Prag/Brünn: (Zitiert nach dem Ostpreußenblatt 1993-01-16)

Ein Land sucht seinen Namen
Umgangssprachliche Bezeichnung der CR ist noch immer umstritten.
Daß Deutschland immer Deutschland heißen würde, unabhängig von seiner offiziellen Staatsbezeichnung, darüber bestand auch kurz nach dem Zusammenbruch der DDR und der sich abzeichnenden Vereinigung kein Zweifel im Lande. Lediglich die offizielle Staatsbezeichnung erregte damals kurze Zeit die Gemüter der Menschen – Deutsche Republik, Deutscher Bund, Deutsches Reich oder auch einfach nur Deutschland? – bis ihnen Technokraten und Rheinrepublik-Nostalgiker in ihrer gewohnten "Mies-wie-gehabt"-Manier die Arbeit abnahmen. So einfach werden es die Tschechen in ihrem neuen Staat wohl nicht haben. Die dortigen Technokraten haben die Arbeit zwar schon hinter sich, bevor sie begonnen hat – die offizielle Bezeichnung des Staates stand schon zu Zeiten der Föderation mit der Slowakei: Tschechische Republik, kurz CR. Ihnen fehlt eigentlich nur das neue Autokennzeichen, da "CR" schon von Costa Rica besetzt ist. Eine viel bohrendere und gänzlich ungelöste Frage jedoch ist der Rufname des neuen Staates. Einigen kritischen Geistern nämlich ist jetzt eingefallen, daß das schlichte "Tschechei" belastet sein soll: Schon zur Habsburger Zeit wurde es angeblich herablassend gebraucht und habe seinen Todesstoß endgültig mit der Hitler-Sentenz von der "Erledigung der Rest-Tschechei" erhalten.
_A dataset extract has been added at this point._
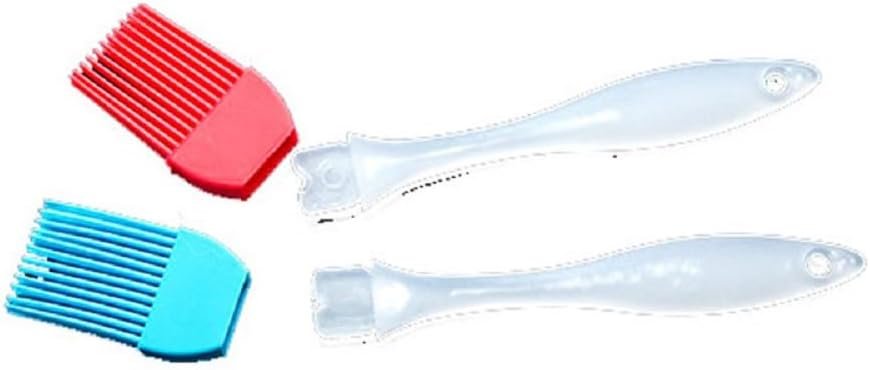 Silicone Heat Resistant Pastry Brush 4 Pcs Silicone Brushes, Basting Brush for Cooking, Pastry Brush for Baking, BBQ, Grilling, Multicolor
In Prag hat man sich daher bereits daran gewöhnt, einfach von Böhmen zu sprechen und das Ganze zu meinen. Das wiedererwachte Selbstbewußtsein der Mährer treibt diese zu einem klaren Nein zu dieser Anmaßung, wie sie in Brünn gedeutet wird.

Wenn aber "Tschechei" als Kompromiß nicht akzeptabel sein sollte, dann dürfte das vom Reichsprotektorat vorverdaute "Böhmen und Mähren" schon erst recht als Unwort erscheinen. Und "Böhmische Länder", wenn auch historisch korrekt, läßt wieder einmal Mähren als Appendix erscheinen.

In Österreich hat man die Lösung offenbar schon gefunden: Dort ist allenthalben von "Tschechien" die Rede. Ein Wort, das allerdings sowohl in seiner deutschen wie in seiner tschechischen Fassung schon klanglich einen etwas mickerigen Eindruck hinterläßt. So bleibt denn wohl nur das, was im deutsch-tschechischen Grenzgebiet sowieso längst ohne historische Vorbehalte von Mund zu Mund geht: "Tschechei" –  und nichts weiter.
Jan Bremer

Übrigens ist der Name "Tschechien" nicht ganz neu: bereits bei Hanus Kuffners Pamphlet "Unser Staat und der Weltfrieden" taucht in der deutschen Fassung auf den Landkarten das Wort "Tschechien" auf – bereits (in der deutschen Ausgabe) 1922!